Também vale destacar as duras críticas que Cidinha da Silva faz sobre as imposições racistas na sociedade – como, por exemplo, em Cenas da Colônia Africana em Porto Alegre – As lavadeiras e O cabelo dos meninos pretos. Esse último texto, especialmente, traz uma reflexão sobre como um esporte consagrado por atletas negros, apropriado pela branquitude posteriormente, tenta esconder a todo custo a negritude que faz parte dele. Além disso, também existem críticas contundentes no que tange ao modo como somos representados na literatura. Em Histórias da Vó Dita, a narradora faz uma revisitação às narrativas lidas durante a sua infância e nota aquilo que nós também constatamos ao fazer isso: a ausência de representação negra nas narrativas infantis. E quando não há ausência, há uma conveniência social na inserção de personagens negros nas estórias. Dessa crônica, fica reflexão sobre o que rege a ausência e a conveniência das representações negras, pensando na cultura como elemento importante para formação sociocultural dos indivíduos. Associado a essa temática, Espólio também trabalha com essas questões, principalmente, pensando numa tendência da branquitude de transformar a dor da pobreza que assola a população negra em poesia. Entretanto, há nesse texto uma resposta brilhante a esse racismo literário.

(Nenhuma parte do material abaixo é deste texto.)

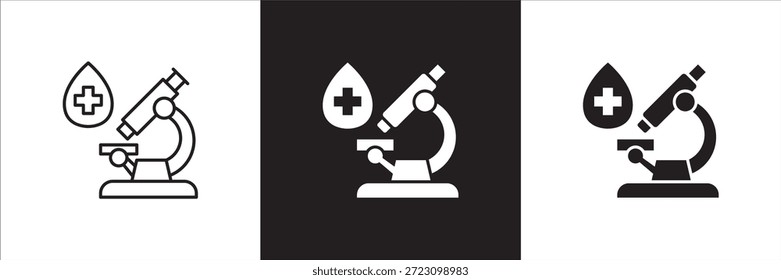 Ícone de exame de sangue no microscópio. Ícone de observação de microscópio em design simples de contorno plano. Símbolo de ícone para laboratório, química, pesquisa, biologia, ciência, medicina e muito mais. Ilustração vetorial.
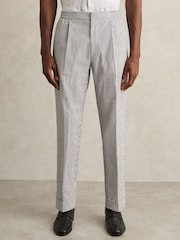 Reiss Navy/White Sail Stretch Seersucker Stripe Trousers - Image 4 of 8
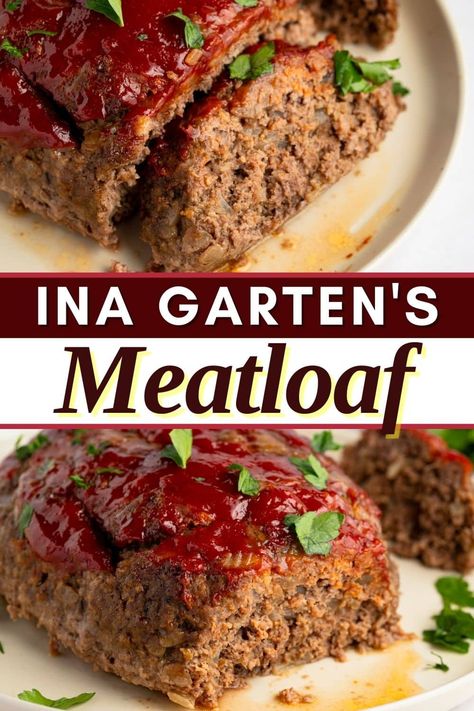 If you love meatloaf but don't want to spend hours in the kitchen, then you have to try Ina Garten's meatloaf. Learn how to make the easy recipe and get tips for a moist, juicy meatloaf. Ina Garten's Meatloaf Recipe, Ina’s Meatloaf, Ree Drummond Meatloaf Recipe, Ina Garten, Smitten Kitchen Meatloaf, Tender Meatloaf Recipes, Meatloft Best Meatloaf, Grandma Meatloaf Recipes, Trisha Yearwood Meatloaf Recipe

Antes de terminar esta resenha, acho importante também comentar sobre as crônicas que nos afastam dos estereótipos e nos humanizam. A afetividade negra expressa através do desejo de amor, em Vermelhor, e da paternidade, em Me oriente, rapaz!, são pontos chaves para esse processo de humanização. A construção e a difusão de saberes importantes que estão fora dos moldes elitistas da academia, caso de Honoris Causa. Também há uma valorização da beleza que reside na imaterialidade, como em Fiz minhas velhinhas ao mar. Outro ponto forte é a representação da mulher negra na arte, afastando-a da corriqueira objetificação, no caso de Luli Arrancatelha: modelo, manequim e funkeira. E não há como não cantarolar o pastiche A capa do mundo é nossa, poema-crônica de exaltação à beleza da atriz Lupita Nyong’o, eleita a mulher mais bonita do mundo em 2017:

Lupita sambará miudinho/ na cara da sociedade racista/ mais do que uma bela passista/ terá a elegância e a altivez de uma porta-bandeira

Embora todo o potencial do livro de Cidinha da Silva não tenha sido explorado nesta resenha, ele evidencia a profundidade e a qualidade da sua produção literária. Portanto, trata-se de uma leitura muito recomendável, especialmente porque essa coleção de melhores crônicas traz textos de livros que não foram reimpressos. Além disso, essa compilação é uma obra que nos inspira vários movimentos de começos: pra começar a ler mais autoras negras, pra começar a nos reaproximar daquilo que já fomos, pra começar a ressignificar nossas lutas e pra começar a enxergar poesia no cotidiano.